▶ _What you are asked to do_:
Keep each entry exactly as written when you repeat it, and skip the images.

▶ _Input data_:
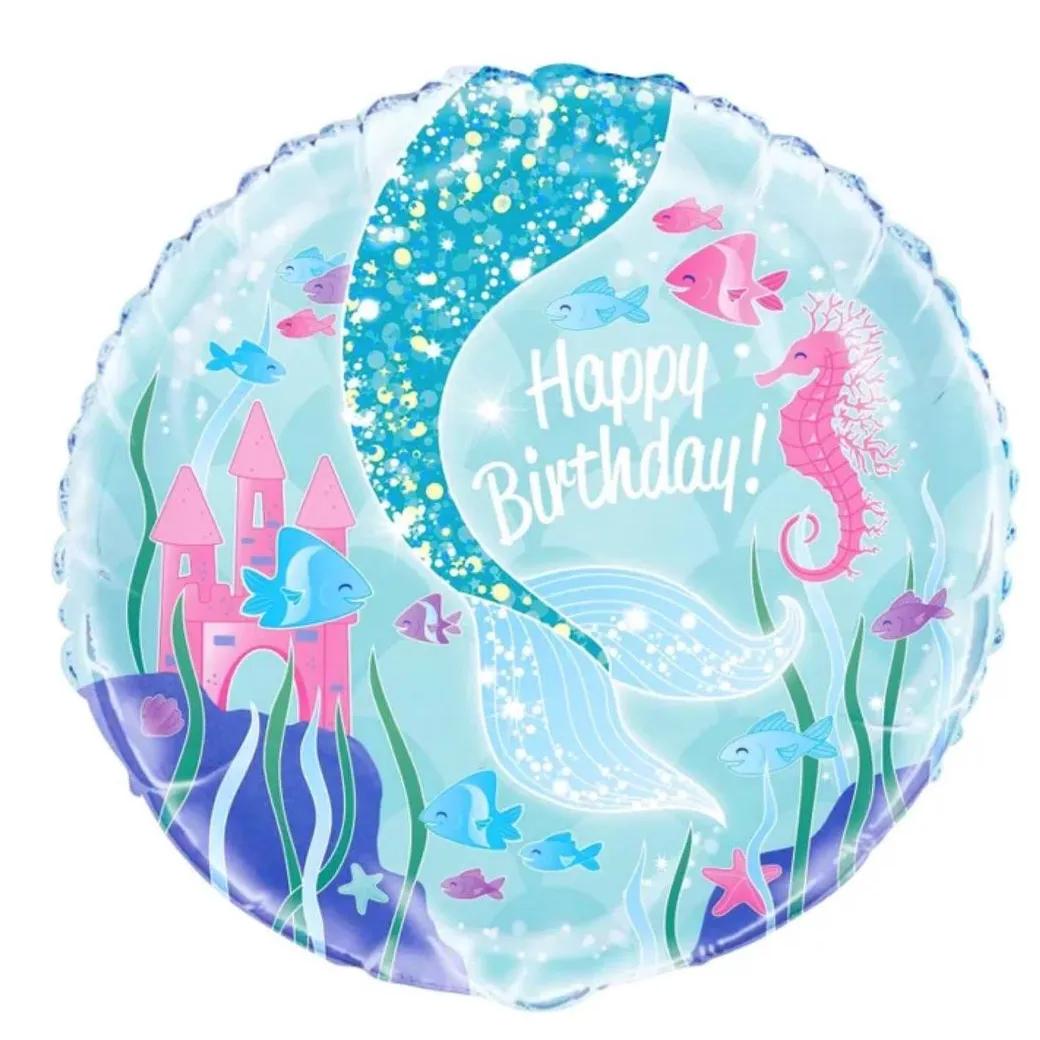 Mermaid Birthday Helium Balloon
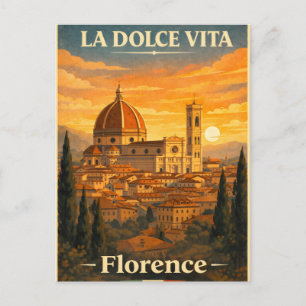 Cartão Postal De Festividades La Dolce Vita - Cartaz de Viagem Antigo de Florenç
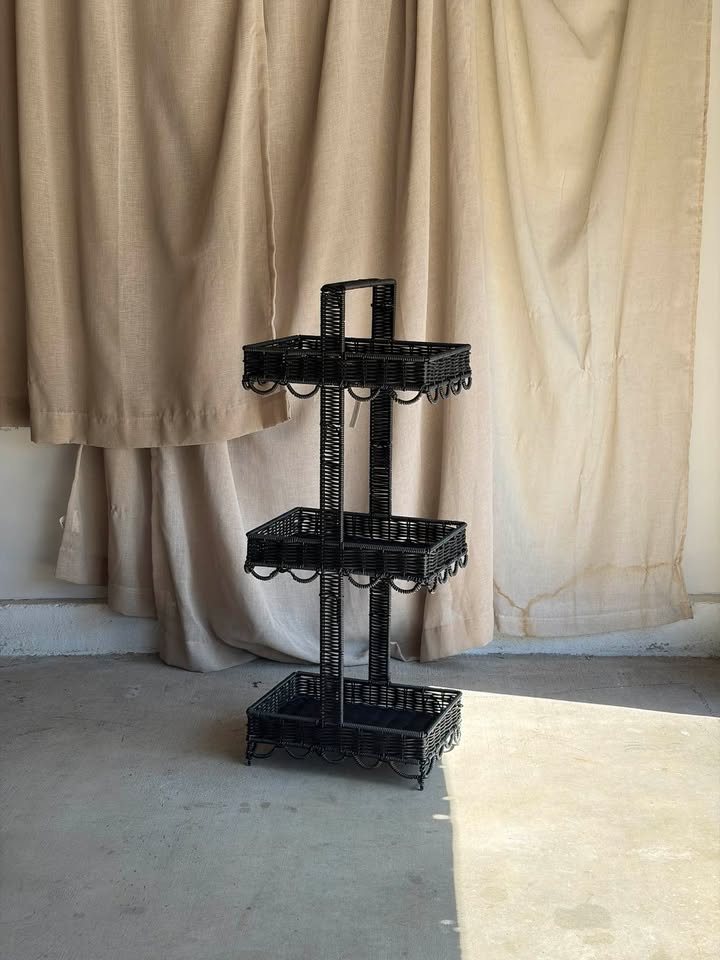 3-Tier Black Wicker Storage Stand
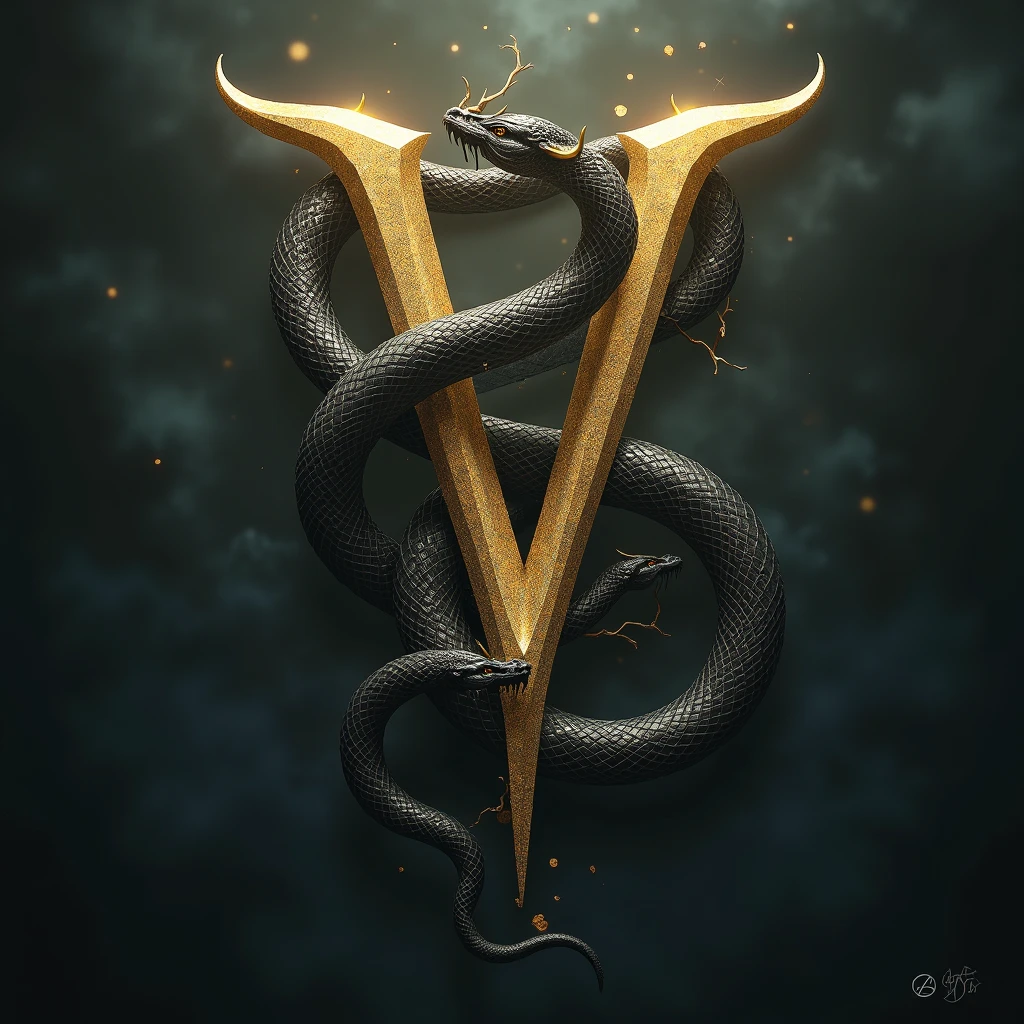 Letter V with snake 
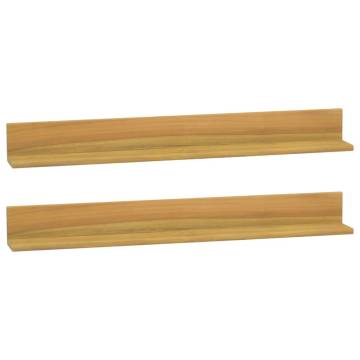 Solid Wood Teak Wall Shelves - 2 pcs 90x10x10 cm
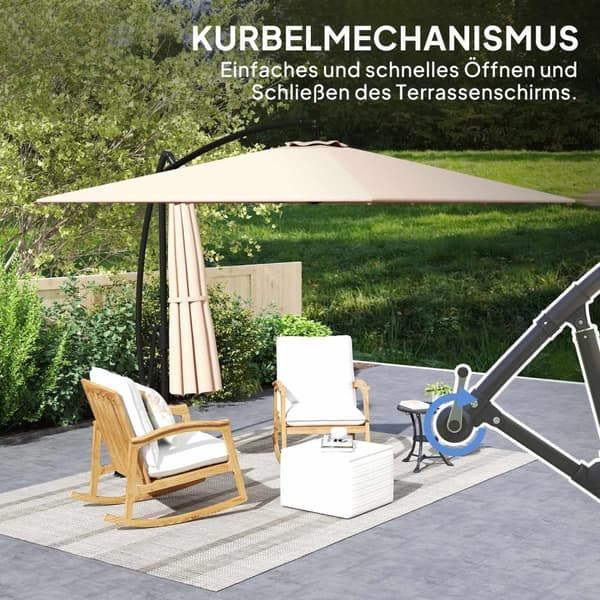 Ulokeinen sateenvarjo Ø260 cm aurinkovarjo UV-suojalla 50+ vettä hylkivä kampinen sateenvarjo jalustalla, kansi, kampi, tuulilukko, markkinasateenvarj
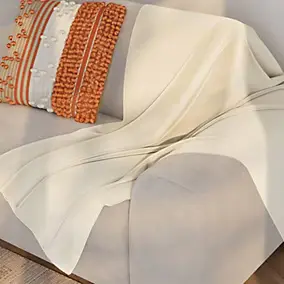 Plaid polaire 1px Cocooning beige ivoire l.120 x L.170cm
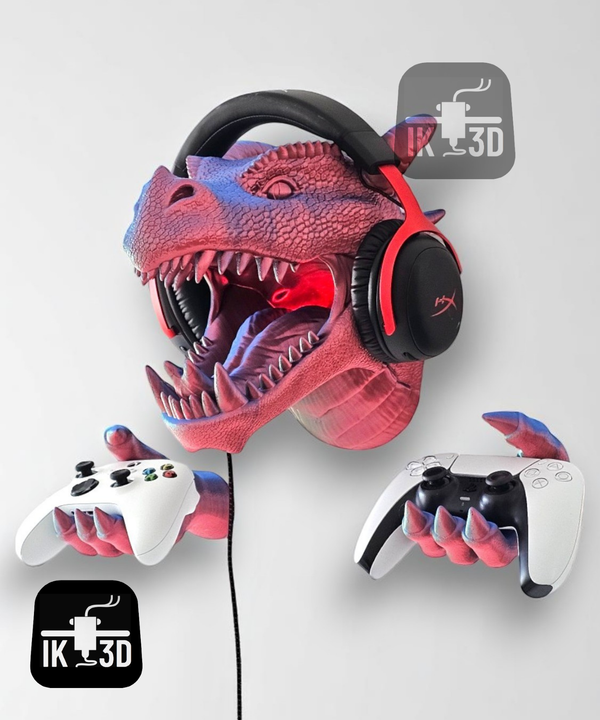 Dragon Head Wall Mounted Holder for Controllers and Headsets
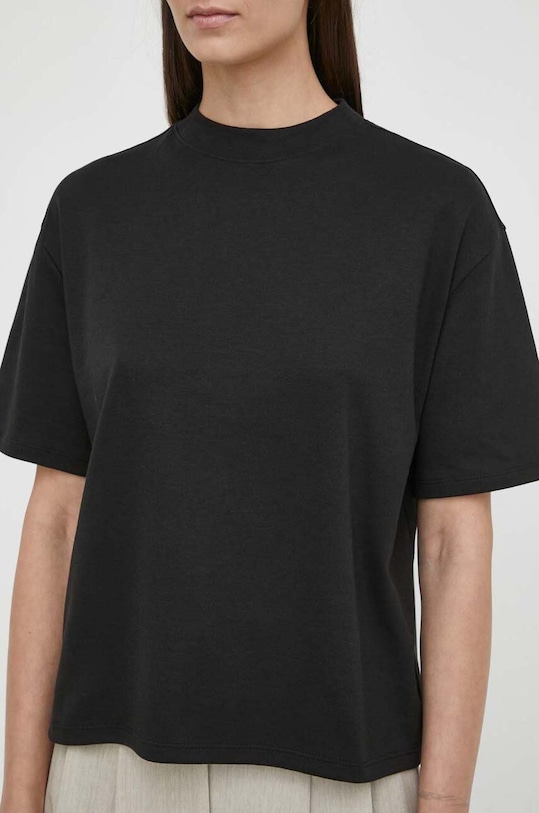 Theory tricou din bumbac uni negru O0324503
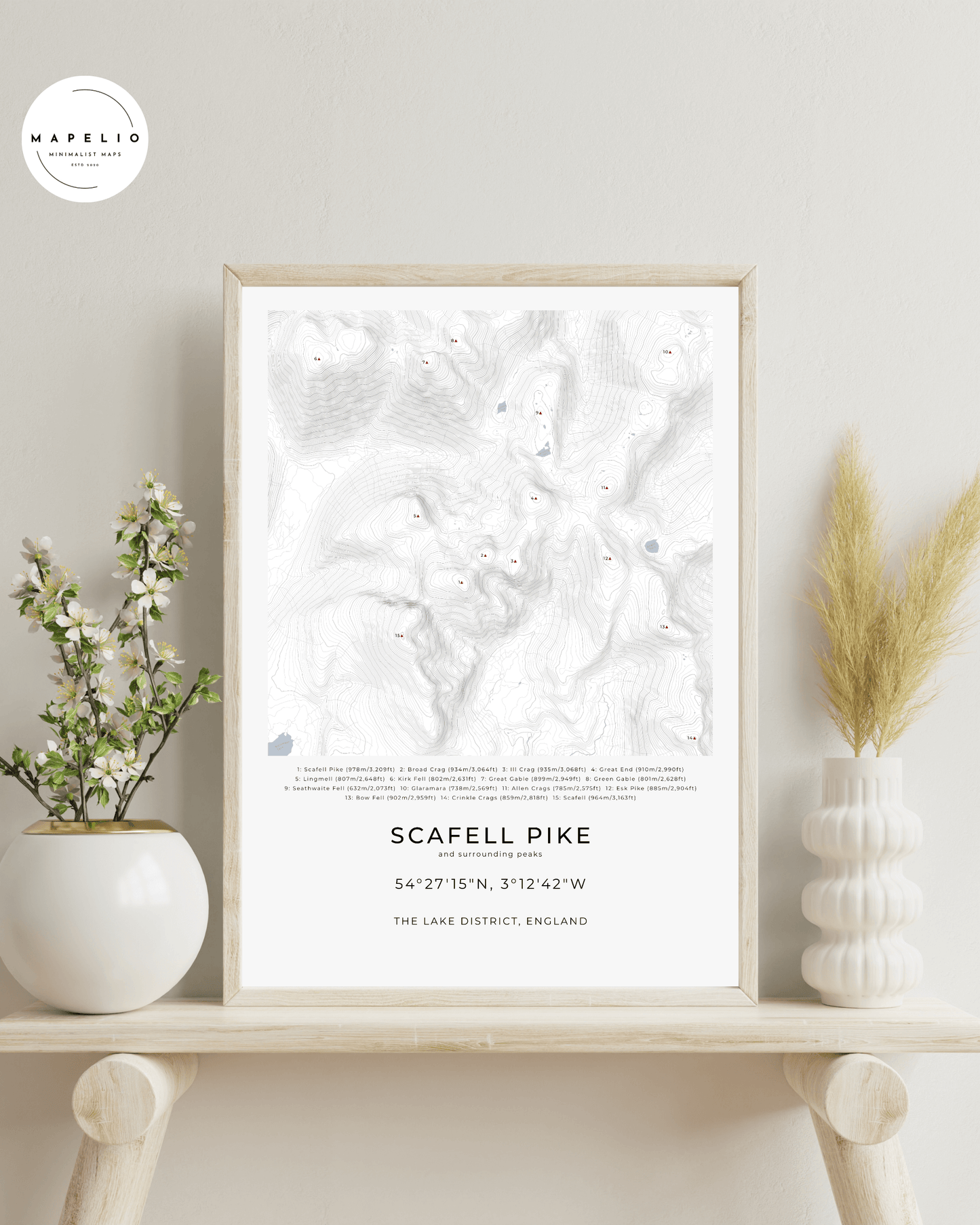 Scafell Pike & Surrounding peaks - Contour Map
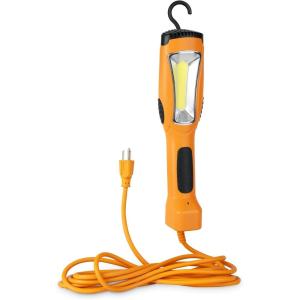 imageETL Listed Cable Matters 15ft LED Drop Light with Extension Cord Outlet Magnetic Base and Builtin Handle in Orange  1200 Lumen Work LightTrouble Light for Garage 16 AWG Extension Cord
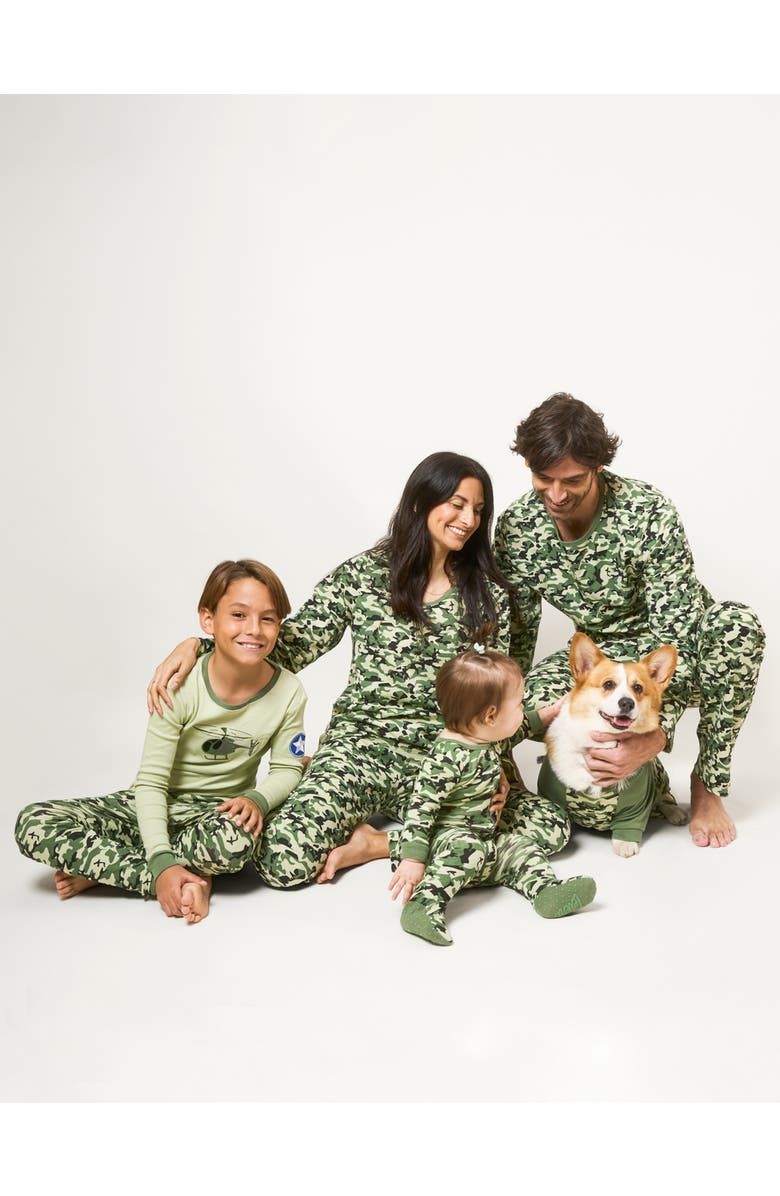 Leveret Kids Footed Cotton Matching Family Pajamas, Whimsy & Fantasy Prints, Alternate, color, Camouflage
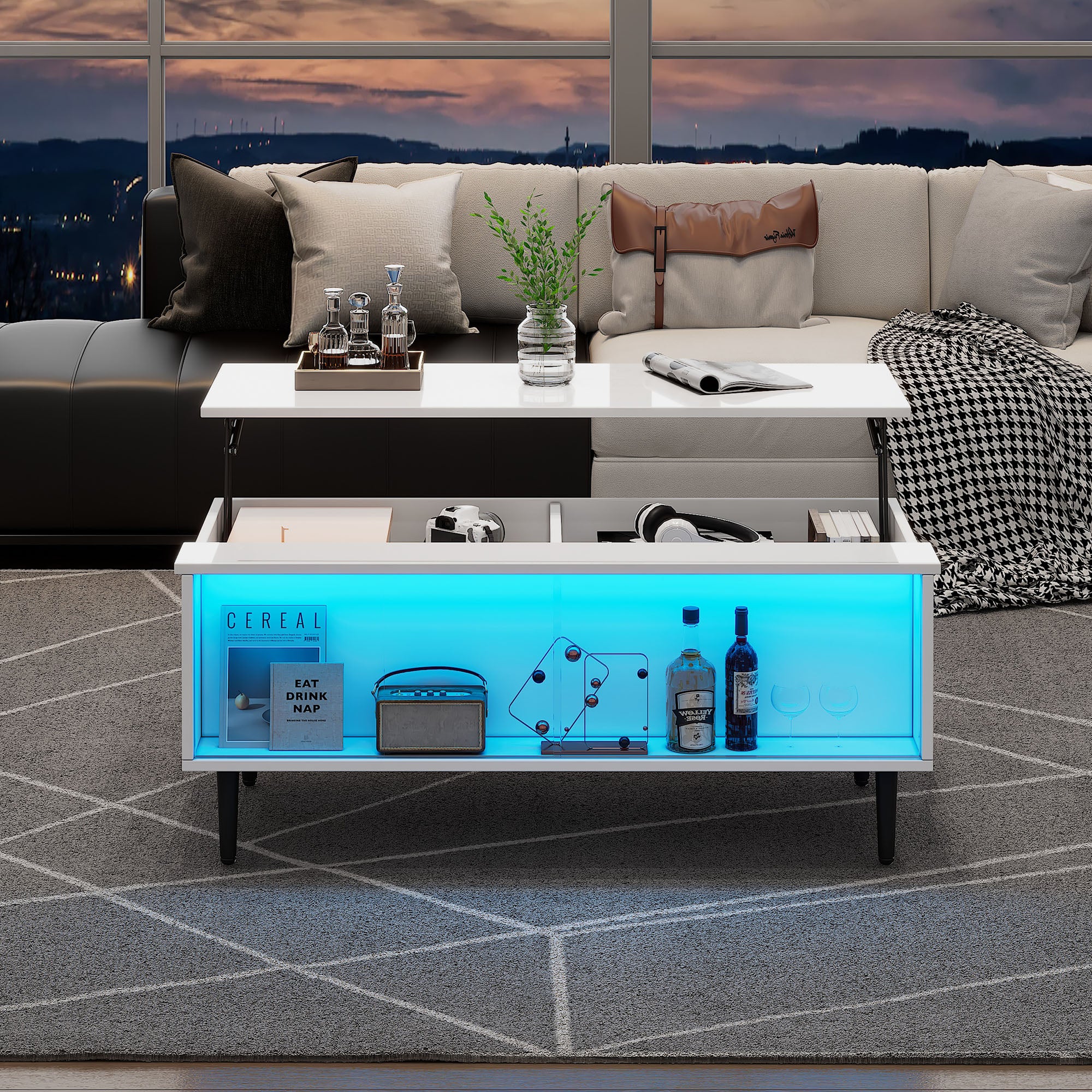 Regulowany stolik kawowy 105×50×43 cm - z oświetleniem LED - blat ze szkła hartowanego - biały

▶ _Exercise output_:
 Mermaid Birthday Helium Balloon
 Cartão Postal De Festividades La Dolce Vita - Cartaz de Viagem Antigo de Florenç
 3-Tier Black Wicker Storage Stand
 Letter V with snake 
 Solid Wood Teak Wall Shelves - 2 pcs 90x10x10 cm
 Ulokeinen sateenvarjo Ø260 cm aurinkovarjo UV-suojalla 50+ vettä hylkivä kampinen sateenvarjo jalustalla, kansi, kampi, tuulilukko, markkinasateenvarj
 Plaid polaire 1px Cocooning beige ivoire l.120 x L.170cm
 Dragon Head Wall Mounted Holder for Controllers and Headsets
 Theory tricou din bumbac uni negru O0324503
 Scafell Pike & Surrounding peaks - Contour Map
 imageETL Listed Cable Matters 15ft LED Drop Light with Extension Cord Outlet Magnetic Base and Builtin Handle in Orange  1200 Lumen Work LightTrouble Light for Garage 16 AWG Extension Cord
 Leveret Kids Footed Cotton Matching Family Pajamas, Whimsy & Fantasy Prints, Alternate, color, Camouflage
 Regulowany stolik kawowy 105×50×43 cm - z oświetleniem LED - blat ze szkła hartowanego - biały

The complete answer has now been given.